Price is enough of a deterrent that Beta lost to VHS. Though broadcasters and commercial companies didn't start to get rid of Beta until the last couple of years - they never adopted VHS. We had Beta because it was better.

Actually my parents still have their Beta and use it to watch their legacy (aka old) movies. The best thing about visiting them is all the classic Star Trek that looks so good on a Beta tape in a quality machine.

The problem is the average consumer is perfectly happy shelling out $10 - to $30 a month for a crapple (sorry meant cable) dvr that is usually not even HD, for a box they will never own that is certainly no equal to TiVo. Don't know about all the cable markets, but where I live the UI has ads. More than one and they make it hard to see the scheduled programs.

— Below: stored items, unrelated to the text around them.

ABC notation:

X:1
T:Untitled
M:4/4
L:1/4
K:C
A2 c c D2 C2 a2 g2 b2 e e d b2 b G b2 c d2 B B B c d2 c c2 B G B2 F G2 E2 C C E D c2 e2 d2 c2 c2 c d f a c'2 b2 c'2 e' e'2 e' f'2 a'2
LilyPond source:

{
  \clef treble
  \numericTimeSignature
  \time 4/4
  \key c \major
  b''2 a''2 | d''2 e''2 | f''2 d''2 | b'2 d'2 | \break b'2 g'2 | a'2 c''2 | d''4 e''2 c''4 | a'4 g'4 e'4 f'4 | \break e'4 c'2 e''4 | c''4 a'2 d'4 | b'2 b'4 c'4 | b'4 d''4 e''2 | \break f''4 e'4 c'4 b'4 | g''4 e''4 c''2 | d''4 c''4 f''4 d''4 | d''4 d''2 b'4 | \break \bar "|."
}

And of course the stand alone Moxi box itself has no ads, they are brand new and have a tiny customer base. Sure you can purchase a stand alone Moxi and get their guide service for 'free' (at $800 it better be free), and it does not have ads. We won't even discuss the boxes this same company makes for cable companies that have *gasp* ads... Must be the guide data supplier putting them there, Moxi would never allow that to happen to one of their boxes.

Assuming you actually get an actual service contract with the Moxi purchase, I would read it very carefully. Just where do they promise in writing that you will never see ads on the stand alone box they are selling? (I have not been able to find this in writing). I am hopeful someone can make this clear to me - after all, without a monthly sub base - what incentive do they have to keep you happy after you purchase their box?


----------



## solutionsetc (Apr 2, 2009)

daveak said:


> Price is enough of a deterrent that Beta lost to VHS.

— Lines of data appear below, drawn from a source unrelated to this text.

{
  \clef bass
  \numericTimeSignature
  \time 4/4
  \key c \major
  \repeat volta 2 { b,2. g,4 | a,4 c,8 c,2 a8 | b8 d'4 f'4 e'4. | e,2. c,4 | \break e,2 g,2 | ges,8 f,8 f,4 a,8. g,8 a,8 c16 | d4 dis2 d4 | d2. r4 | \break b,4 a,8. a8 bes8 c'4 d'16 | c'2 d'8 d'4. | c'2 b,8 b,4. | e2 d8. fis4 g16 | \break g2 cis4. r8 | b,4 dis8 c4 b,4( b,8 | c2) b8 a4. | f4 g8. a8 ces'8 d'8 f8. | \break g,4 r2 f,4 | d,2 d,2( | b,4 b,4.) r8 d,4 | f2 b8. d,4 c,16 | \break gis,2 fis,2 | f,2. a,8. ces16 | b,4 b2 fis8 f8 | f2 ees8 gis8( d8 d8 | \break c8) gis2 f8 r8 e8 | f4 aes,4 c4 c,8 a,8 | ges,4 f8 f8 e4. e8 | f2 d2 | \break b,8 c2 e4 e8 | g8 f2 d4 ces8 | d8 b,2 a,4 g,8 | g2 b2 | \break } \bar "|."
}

Actually, consumer Beta died because Sony missed the boat on 4 and 6 hour tapes/record modes. Folks didn't care about quality but were desperate for more than a couple of hours of unattended recording.


----------



## ZeoTiVo (Jan 2, 2004)

parzec said:


> I really don't [FOR MORE INFORMATION ON COKE CLICK HERE] see what all the [SEE THE NEW LEXUS HERE] complaining is about. If somebody wants to promote a product [SEE THE LATEST ON THE MOXI DVR HERE] that is their right. I mean, we live in a capitalistic society [CLICK HERE FOR INFORMATION ON MCONALDS McCAFE] and ads will gradually [HAVE YOU TRIED BLU-RAY - CLICK HERE FOR MORE INFORMATION] migrate to all forms of communication and products[PRESS PAUSE TO TEMPORARILY DISABLE THESE ADS]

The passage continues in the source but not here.